Mavis Owusu-Gyamfi, executive vice president of the African Center for Economic Transformation, in Ghana, said that even recent agreements to address debt, such as the 2020 Common Framework, were created without input from developing nations.
“We are asking for a voice and a seat at the table,” said Owusu-Gyamfi, from his office in Accra, as he discussed a $3 billion IMF bailout for Ghana.
However, if the fund and the bank focus on economic issues, they are essentially political creations that reflect the power of the countries that establishes, finances and manages them.
And those countries are reluctant to give up that power. The United States, the only member with veto power, has the largest share of votes partly because of the size of its economy and its financial contributions. He does not want his influence to be reduced and others (particularly China – grow.
The deadlock on vote redistribution hampered efforts to increase funding levels, which countries in all fields accept it is necessary to increase.
‘Big hole’ in how to deal with debt
Still, as Guzmán said, “even if there are no changes in governance, there could be changes in policy.”
Emerging nations need huge amounts of money to invest in public health, education, transportation and climate resilience. But they face high borrowing costs due to frequent market fluctuations. exaggerated perception of the risk they represent as borrowers.
And because they are typically forced to borrow in dollars or euros, their payments skyrocket if the Federal Reserve and other central banks raise interest rates to combat inflation, as they did in the 1980s and after the pandemic.
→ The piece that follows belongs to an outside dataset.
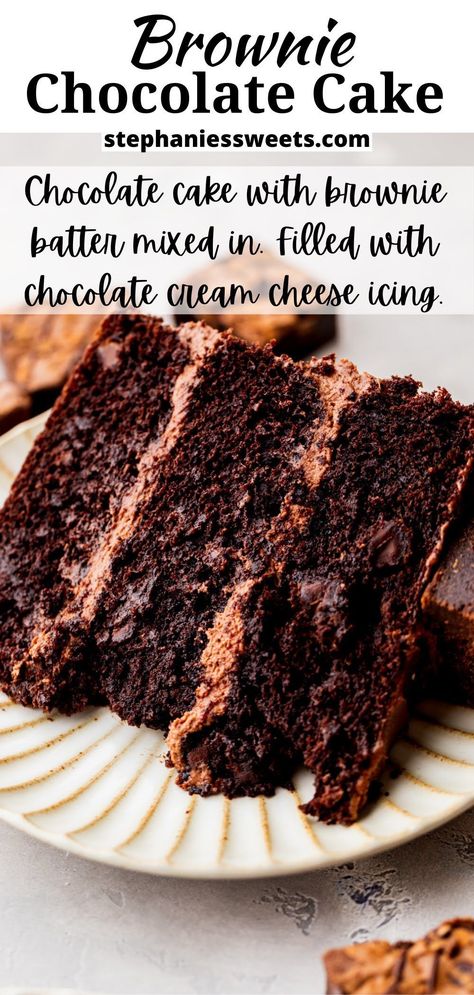 This brownie cake is a decadent chocolate cake with brownie layers baked into the cake. It has an amazing texture and tastes amazing! Chocolate Cake With Brownie Layer, Chocolate Brownies Cake, Chocolate Cake With Crunchy Layer, Ghirardelli Chocolate Cake, Layered Brownie Cake, The Best Birthday Cake Recipe, Easy Chocolate Birthday Cake Ideas, How To Make Chocolate Cake Mix Better, Chocolate Cake For Easter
Covid.
The proliferation of private lenders and the variety of loan agreements have made debt negotiations incredibly complex, but there is no international legal arbiter.
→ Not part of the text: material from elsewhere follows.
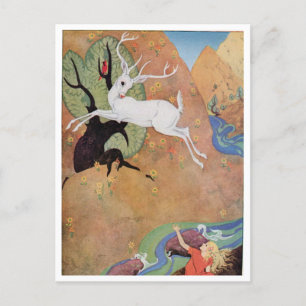 White Deer and Girl van Dorothy Lathrop Briefkaart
Zambia defaulted on its foreign debt three years ago and there are still whitout deal because the IMF, China and bondholders are at odds.
There is a “big hole” in international governance when it comes to sovereign debt, said Paola Subacchi, an economist at the Global Policy Institute at Queen Mary University of London, because the rules don’t apply to private loans, whether of a hedge fund. or the central bank of China. Often these creditors have an interest in prolonging the process to wait for a better deal.
Guzmán and other economists have called for an international legal arbitrator to resolve disputes related to sovereign debt.
“Every country has adopted a bankruptcy law,” said Joseph Stiglitz, former chief economist at the World Bank, “but internationally we don’t have one.”
However, the United States has reiterated opposite the idea, saying it is unnecessary.
Bailouts have also proven problematic. IMF last resort loans may end aggravating a country’s budget problems and undermining the economic recovery because interest rates are very high now and borrowers must also pay high fees.
Those, like Guzmán and Mottley, pushing for change argue that indebted countries need significantly more subsidies and low-interest loans with long repayment terms, along with a host of other reforms.
“The challenges are different today,” Guzmán said. “Policies must be better aligned with the mission.”